*** Opening of Recorded data ***

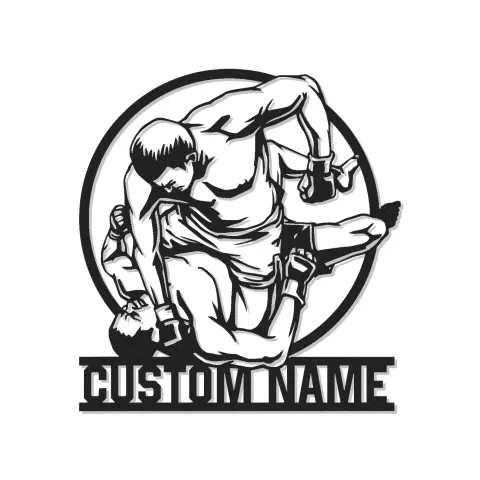 Personalisierte MMA Kämpfer Metall-Schild | LED Wandkunst für Fitnessstudio & Zuhause | Individuelle Kampfsport Dekoration | Geschenk für Trainer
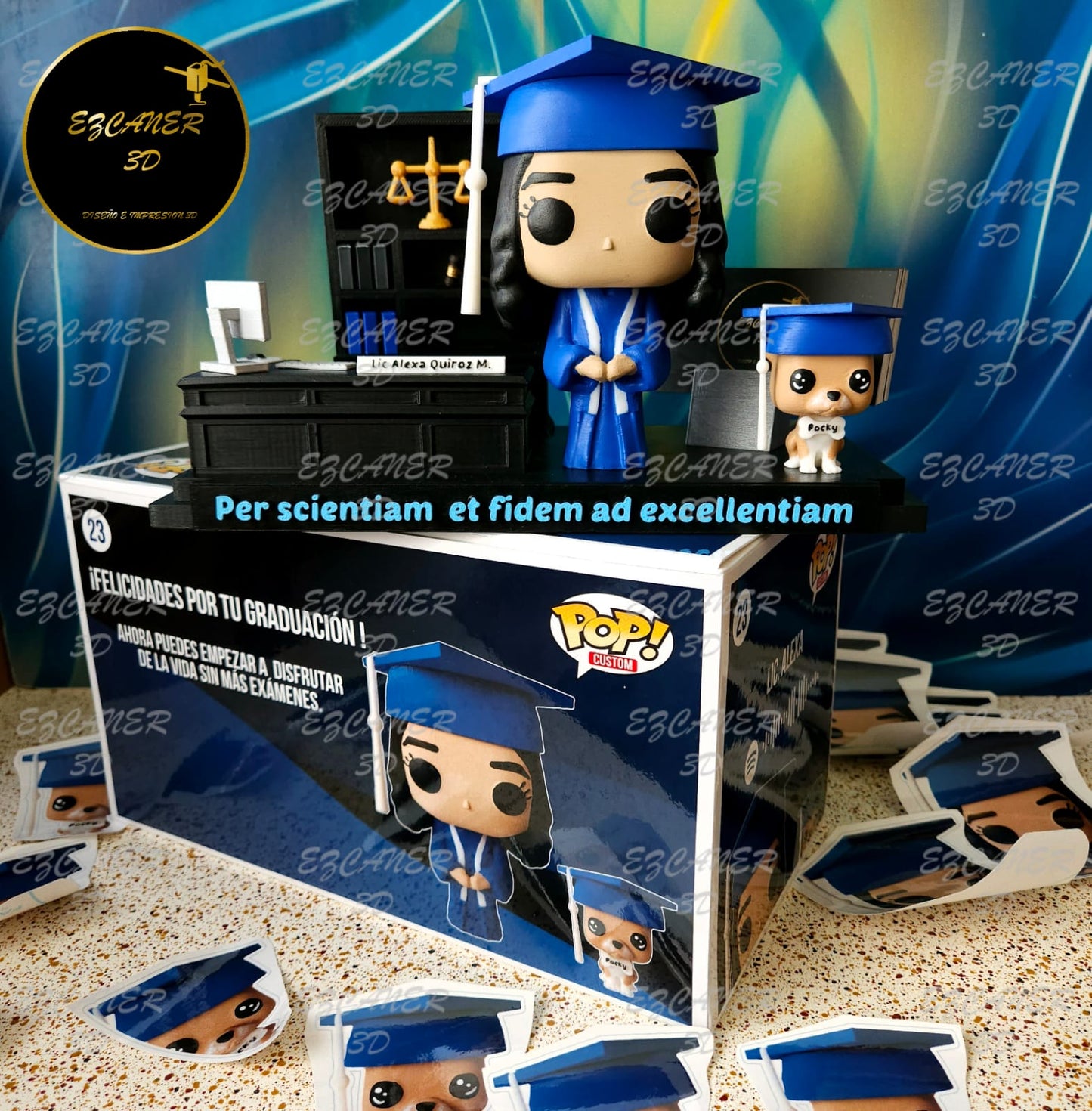 GRADUADO CON MASCOTA, OFICINA Y TARJETERO
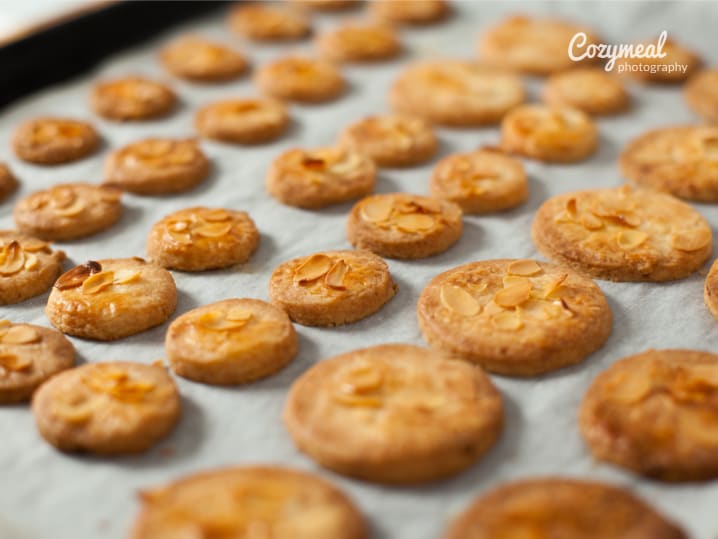 almond cookies in oven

*** Close of Recorded data ***

### Exercise description
Reproduce the whole listing word for word, setting aside any pictures.

### Task output
 Personalisierte MMA Kämpfer Metall-Schild | LED Wandkunst für Fitnessstudio & Zuhause | Individuelle Kampfsport Dekoration | Geschenk für Trainer
 GRADUADO CON MASCOTA, OFICINA Y TARJETERO
 almond cookies in oven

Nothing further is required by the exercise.